Before the match I expected us to win 2.5-1.5. I figured we'd win on boards 1 and 3 where we had white and score .5/2 with black on boards 2+4. I thought Eugene Yanayt on board 4 would be quite likely Yian's toughest opponent of the season. At the same time I was facing an opponent who is probably about as good as I, and I'm not very good with white. So one of us would probably lose and the other get a draw.
Check out Yian's game and you'll see that I was not wrong to have some concern there:
Ok, Yian managed to salvage that one. And even though throughout the match I was horrified when I'd look over at his position, I never gave up hope that he could score despite his position. Yian never gives up himself. Sometimes I think some of these young players don't have the positional understanding to realize how ugly their positions are; and therefore, not realizing they are crushed, they don't collapse. Maybe I could save a bad position once in my life if I ignored how bad my position was as they do.
Here are the critical moments from my game:
Ok, here's a good test for you guys: what should black do here?

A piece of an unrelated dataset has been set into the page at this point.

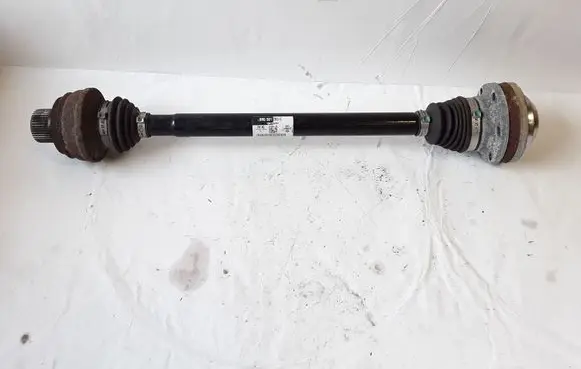 Audi A7 S7 4G Rear driveshaft 8R0501203C 1501234567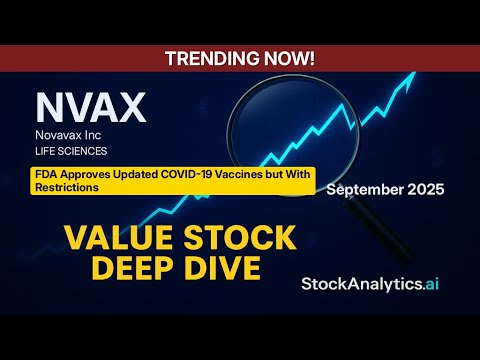 NVAX: Partnership Pivot - Is Novavax Finally Profitable?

Unfortunately, my psychology completely came apart after this point, in a way which is hard to explain. My opponent was down to about 1 minute, and I had about 30. Plus probably a winning position. The other three games in the match at this point seemed headed towards draws. I had to bear down to try to win the match. Instead, I produced a few limp moves, while running down some of my time without concluding anything useful about how to play this endgame. And then I blundered badly, allowing an instant draw.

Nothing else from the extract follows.